### Versions
- Unfortunately, 'version' was not stored in the metadata of each file nor in the name of the file
- 

In [1]:
import pandas as pd
import zarr
import fsspec

In [2]:
from myidentify import gsurl2tracks, tracks2version, tracks2source, dsid2source, id2jdict, jdict_ds2source
from myutilities import search_df
from mysearch import esgf_search
import myconfig

In [9]:
dfcat = pd.read_csv('https://cmip6.storage.googleapis.com/cmip6-zarr-consolidated-stores-noQC.csv', dtype='unicode')

In [4]:
def gsurl2search(gsurl):
    values = gsurl[11:-1].split('/')
    keys = myconfig.target_keys
    return dict(zip(keys,values))

In [15]:
# standard example
gsurl = 'gs://cmip6/CMIP/NCAR/CESM2/historical/r11i1p1f1/Oyr/expc/gr/'

version_cat = dfcat[dfcat.zstore == gsurl].version.values[0]
print('current version from GC catalog = ',version_cat)
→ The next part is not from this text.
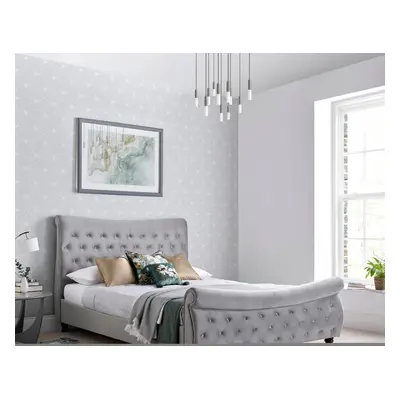 (Double) Oakley Grey Velvet Chesterfield Sleigh Bed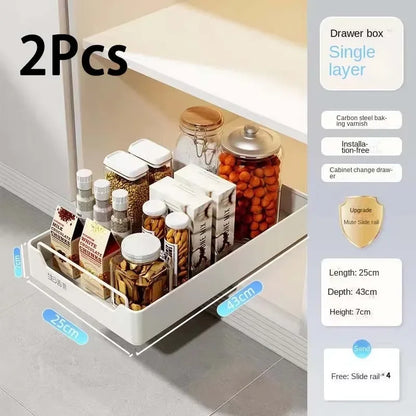 Pull Out Cabinet Organizer with Slide Rails Storage Rack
tracks = gsurl2tracks(gsurl)
(version,jdict) = tracks2version(tracks)
print('latest version from handler = ', version)

asearch = gsurl2search(gsurl)
dfs = esgf_search(asearch, toFilter = False)
version_ESGF = list(set(dfs.version_id))
print('version(s) available from ESGF = ', version_ESGF)
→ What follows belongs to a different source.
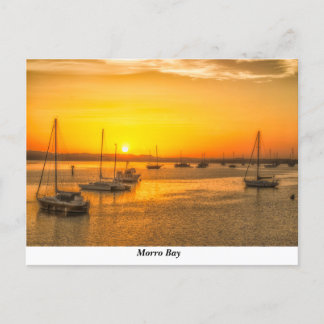 Boote bei Sonnenuntergang Postkarte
#source_urls =tracks2source(tracks) 
#source_urls

current version from GC catalog =  20190514
current version from GC tracks =  20190514
latest version from handler =  20190514
version(s) available from ESGF =  ['v20190514']


In [13]:
#gsurl = 'gs://cmip6/CMIP/CSIRO/ACCESS-ESM1-5/historical/r1i1p1f1/3hr/uas/gn/'  # just created, but scripts say there is a newer version!!!!

gsurl = 'gs://cmip6/ScenarioMIP/HAMMOZ-Consortium/MPI-ESM-1-2-HAM/ssp370/r1i1p1f1/3hr/uas/gn/' # duplicate dataset_ids and versions 
                                                                # since two files are in both datasets and one file is only in the most recent
tracks = gsurl2tracks(gsurl)
tracking_ids = tracks.split('\n')
tracking_ids

['hdl:21.14100/d5aae306-16fe-4a2f-9706-8c41b4d20584',
 'hdl:21.14100/43133a86-783d-4d67-a73f-c512d2e27582',
 'hdl:21.14100/4fd3a7ec-d1ab-421b-963e-bcf82fcd8cdb']

In [5]:
# Now, what if we try this for another? This example has two features. The tracking_ids of the netcdf files are not unique and this is a replacement version.
gsurl = 'gs://cmip6/ScenarioMIP/NCAR/CESM2/ssp370/r4i1p1f1/Amon/ts/gn/'
tracks = gsurl2tracks(gsurl)
(version,jdict) = tracks2version(tracks)
print('version = ', version)

# But since the tracking_ids were not unique, we won't get all of the urls!!
source_urls = tracks2source(tracks) 
source_urls


netcdf file tracking_ids are NOT UNIQUE!
['hdl:21.14100/33cbdc29-fbc9-44ab-9e09-5dc7824441cf', 'hdl:21.14100/33cbdc29-fbc9-44ab-9e09-5dc7824441cf']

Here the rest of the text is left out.